■ Work task ■
When the listing below reaches the line that has "Businessman pulling stars", start reproducing exactly; stop after the line that has "JC WINGS DASH", and drop the pictures.

■ Information supplied ■
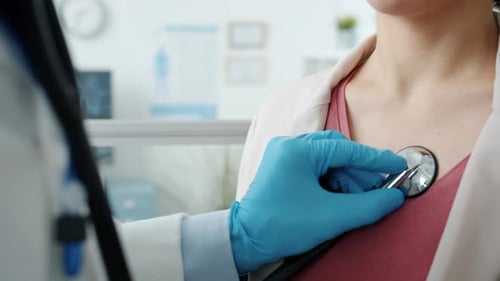 Doctor Listens to Patient's Heart with Stethoscope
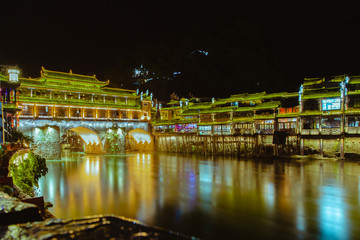 View of illuminated at night riverside houses and bridge in ancient town of Fenghuang known as Phoenix, China.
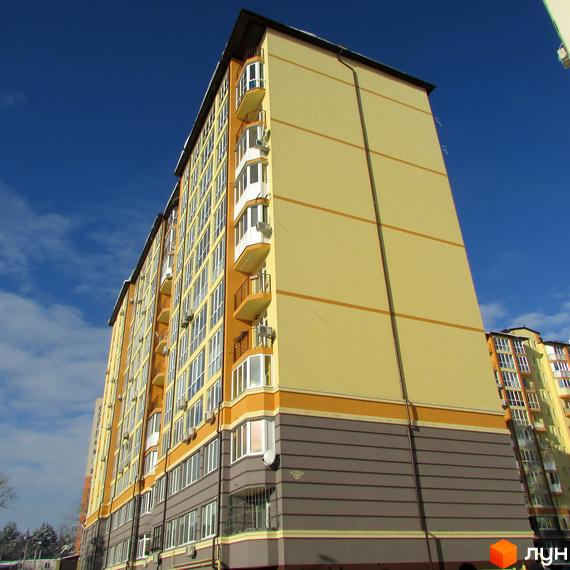 Новобудова Житлового комплексу Французький квартал: висотний будинок з бежевим фасадом, балконами та темно-сірим цоколем.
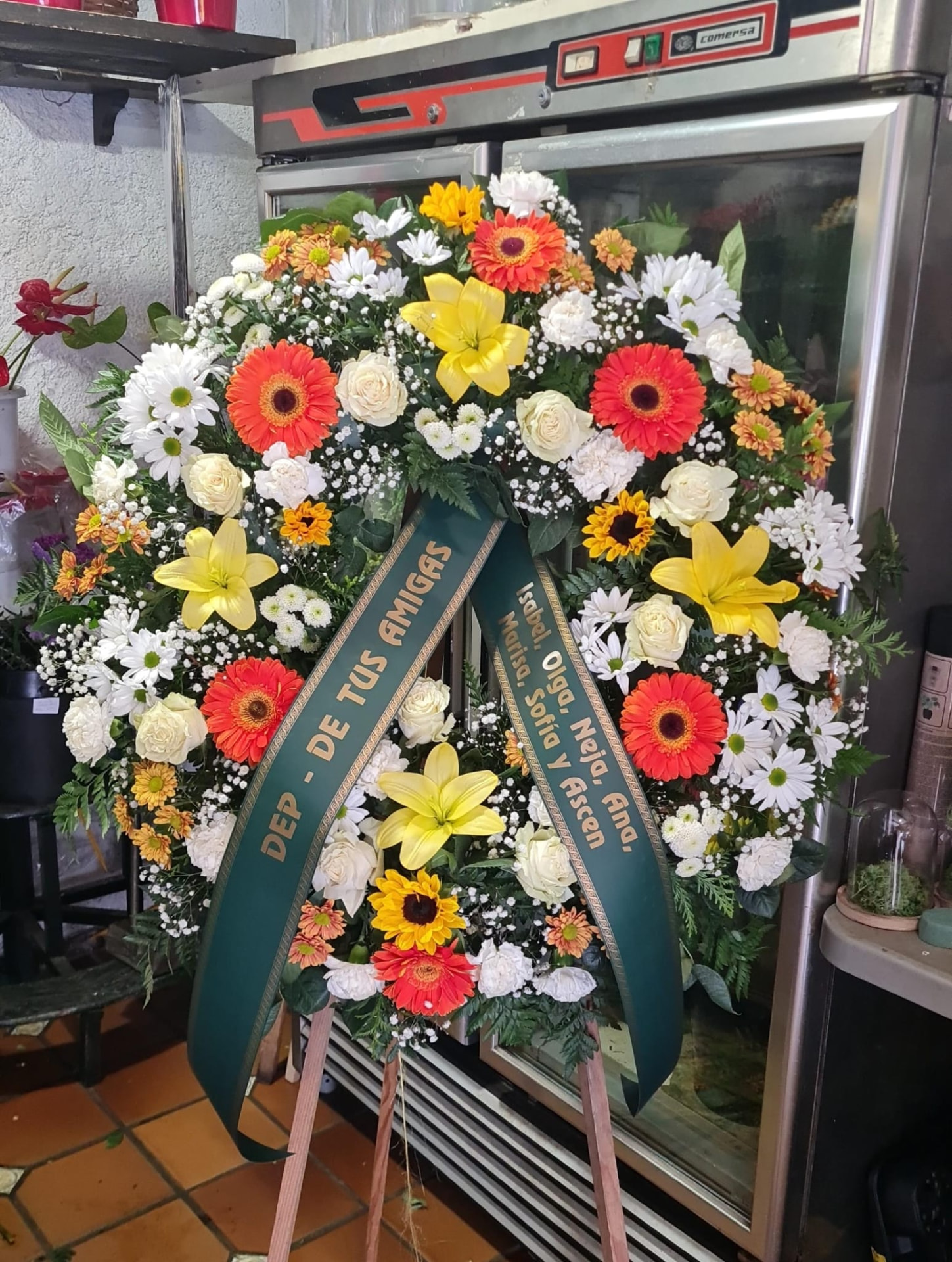 Corona funeraria con gerberas, lilium y margaritas en tonos cálidos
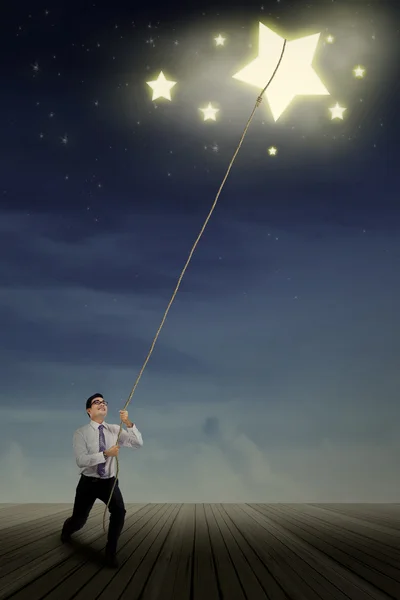 Businessman pulling stars — Stock Photo, Image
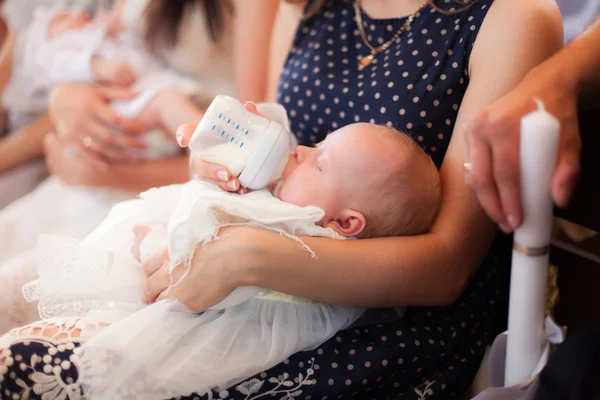 Маленькая девочка на руках у матери, церемония крещения — стоковое фото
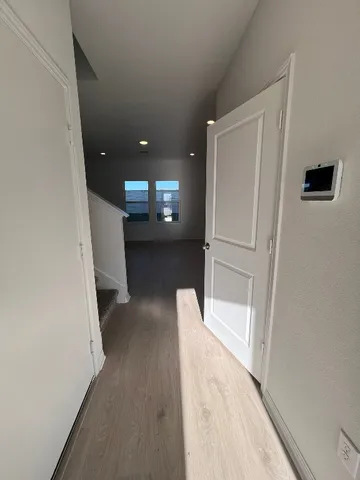 a view of entryway with livingroom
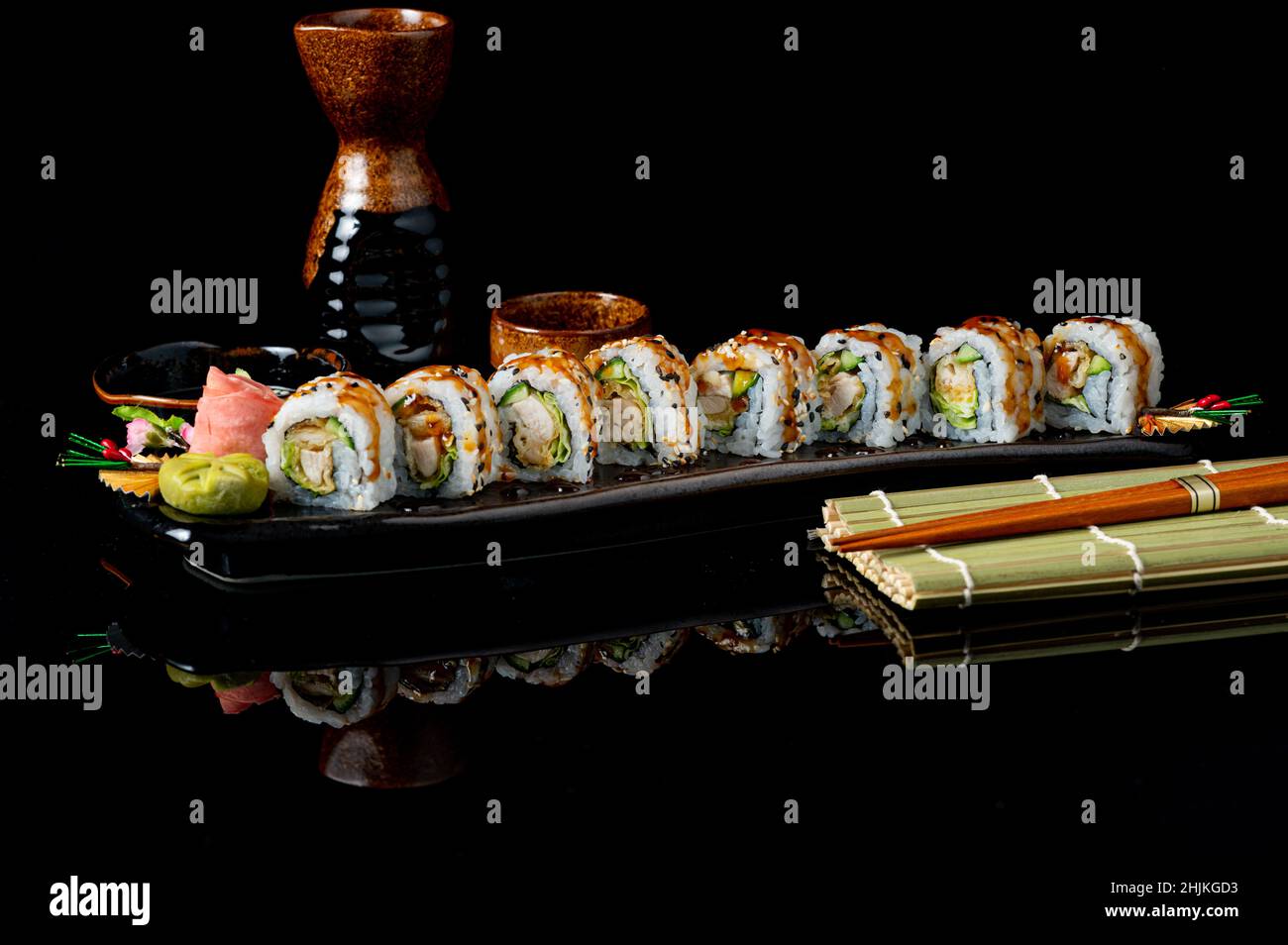 Serving of tori katsu rolls with tempura and chicken on a black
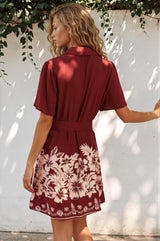 Model wearing Mikan Mini Dress in Orabella Print Wine from Salty Crush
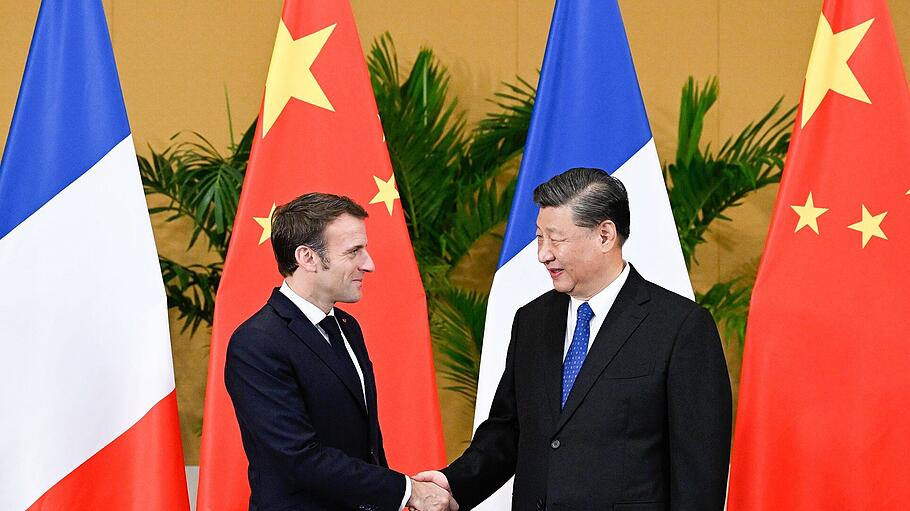 Frankreichs Präsident Macron mit Chinas Präsident Xi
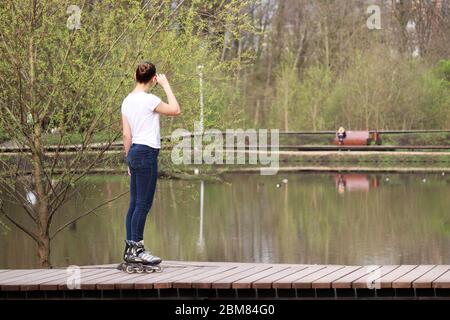 Roller skating, slim girl in jeans standing on rollers in a spring park. Concept of sports, vitality, healthy lifestyle Stock Photo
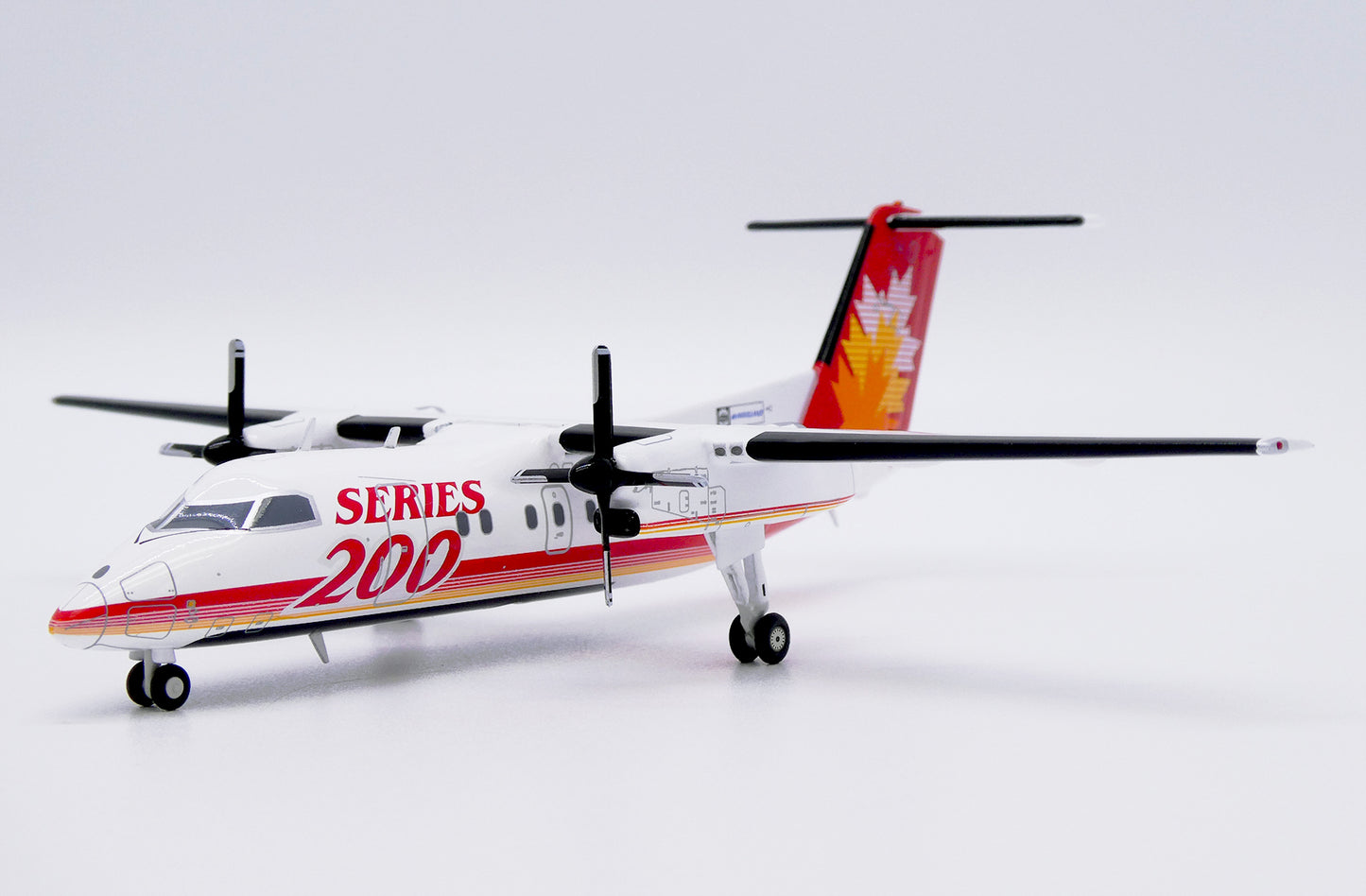 JC WINGS DASH 8-Q200 SERIES 200 HOUSE COLOUR REG: C-GGMP
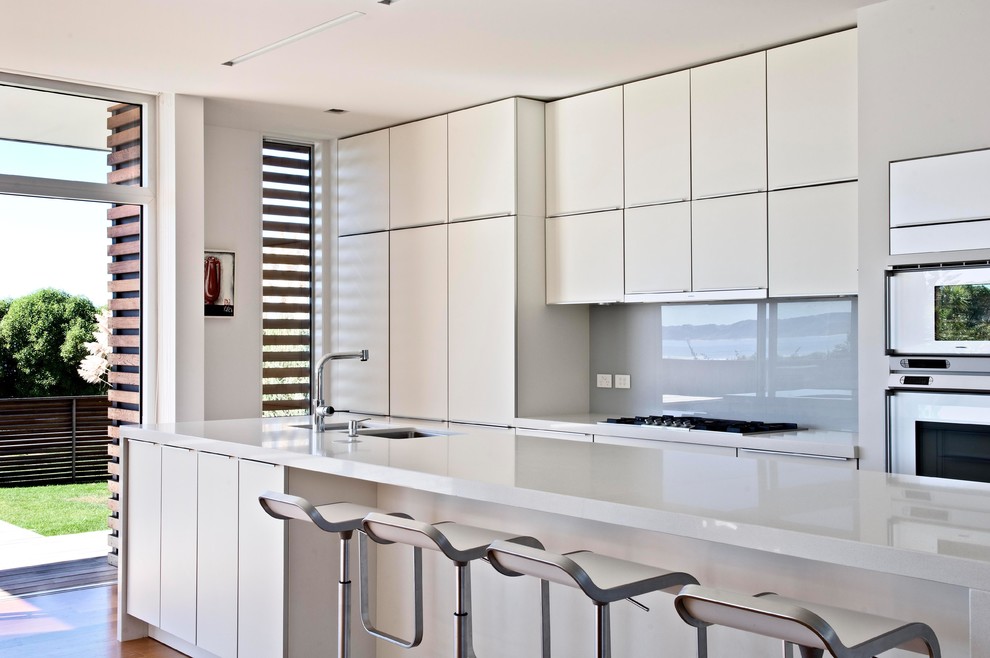 Idéer för ett modernt kök och matrum, med en dubbel diskho, vita skåp, bänkskiva i kvarts, grått stänkskydd, glaspanel som stänkskydd, rostfria vitvaror, ljust trägolv och en köksö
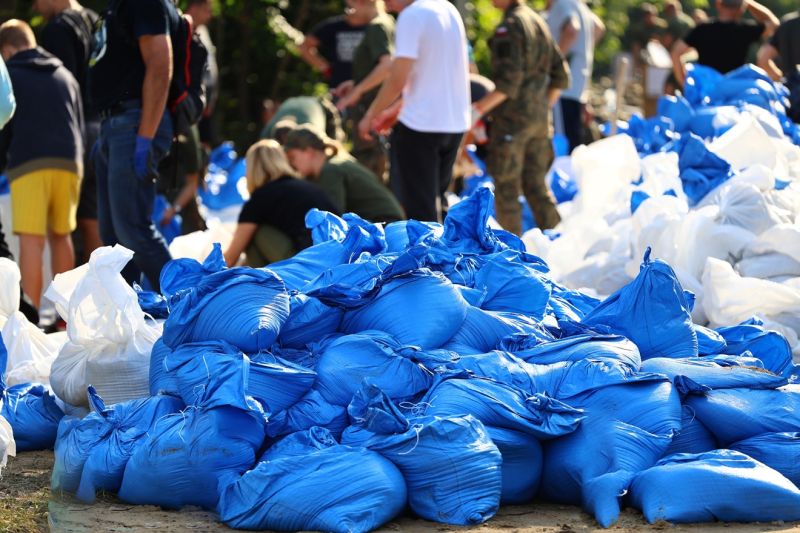 Blaue und weiße Plastiktüten-Sandsäcke liegen auf einem Haufen, dahinter sind Menschen mit dem Füllen beschäftigt.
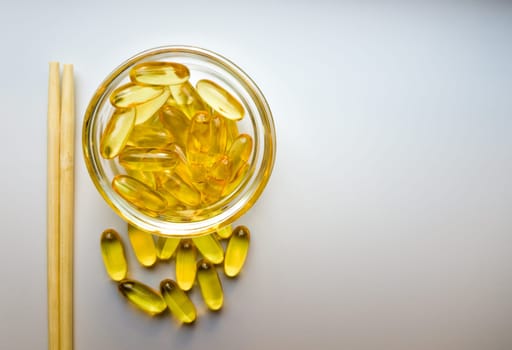 Fish oil capsules on a saucer with chopsticks. Bunch of vitamin omega 3 pills on a white background. Close-up, top view, high resolution product. Metabolism in the body. Body calcium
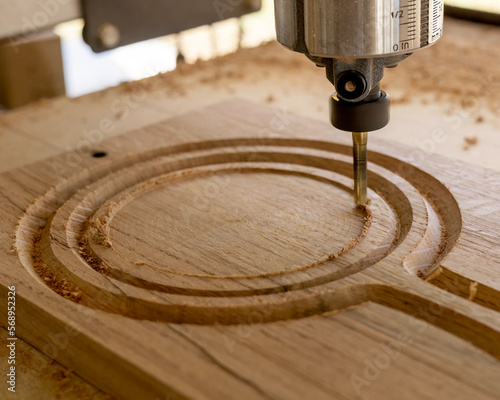 A CNC machine routing a circle on an oak wood board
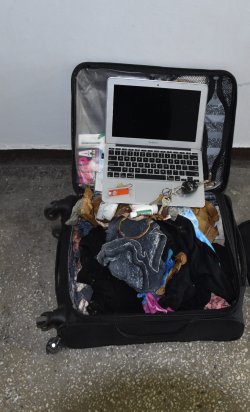 Czarna walizka, a w niej  laptop z logo firmy „apple” wraz z ładowarką, klucze ( w tym do pojazdu), ładowarka, torebka koloru brązowego, kosmetyki.
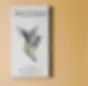 Sol Cacao Colombia Chocolate Bar White Packaging with 3 Green and Purple Hummingbirds on it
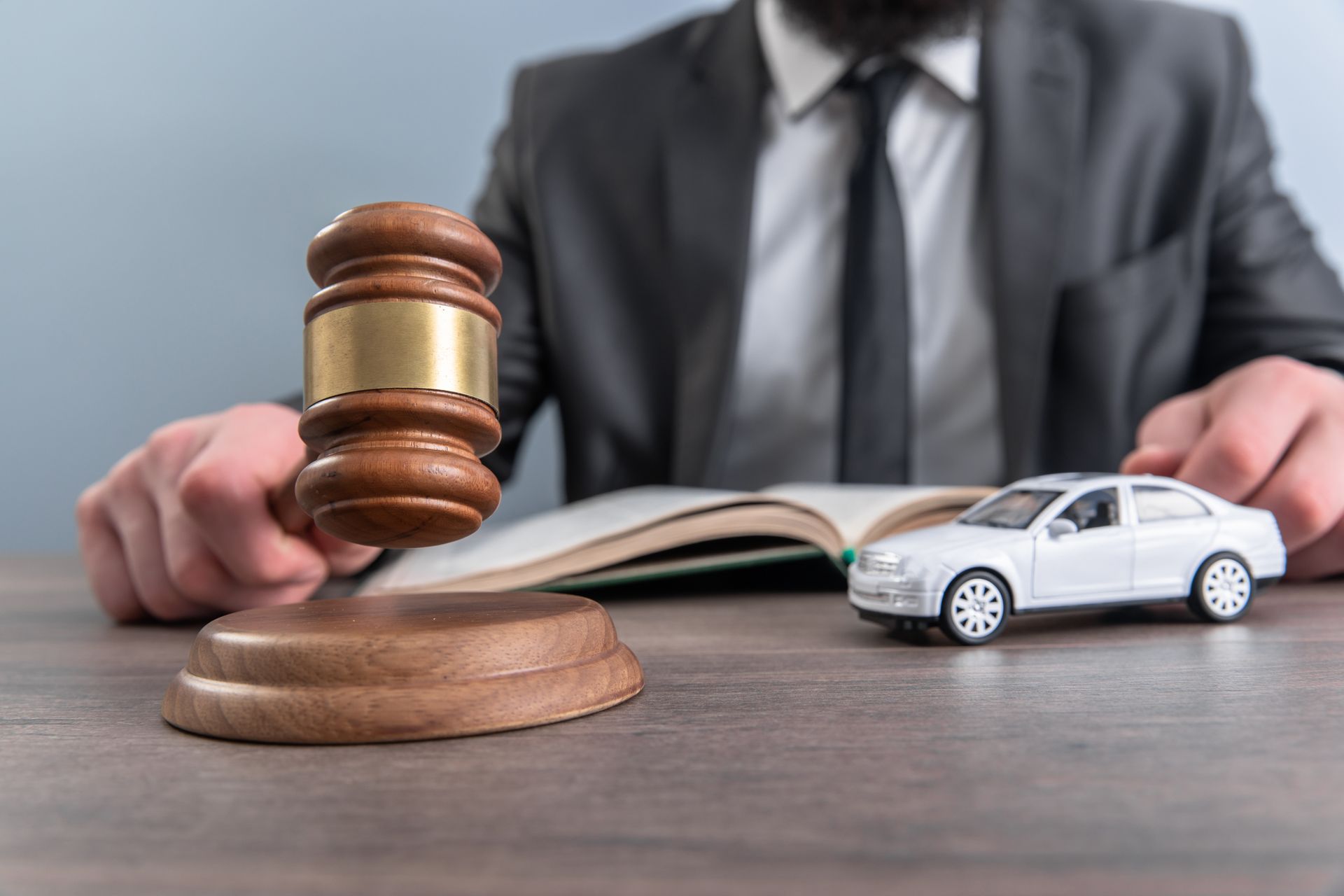 A judge’s gavel sits on a desk beside a small car model and an open legal book.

■ Expected output ■
 Businessman pulling stars — Stock Photo, Image
 Маленькая девочка на руках у матери, церемония крещения — стоковое фото
 a view of entryway with livingroom
 Serving of tori katsu rolls with tempura and chicken on a black
 Model wearing Mikan Mini Dress in Orabella Print Wine from Salty Crush
 Frankreichs Präsident Macron mit Chinas Präsident Xi
 Roller skating, slim girl in jeans standing on rollers in a spring park. Concept of sports, vitality, healthy lifestyle Stock Photo
 JC WINGS DASH 8-Q200 SERIES 200 HOUSE COLOUR REG: C-GGMP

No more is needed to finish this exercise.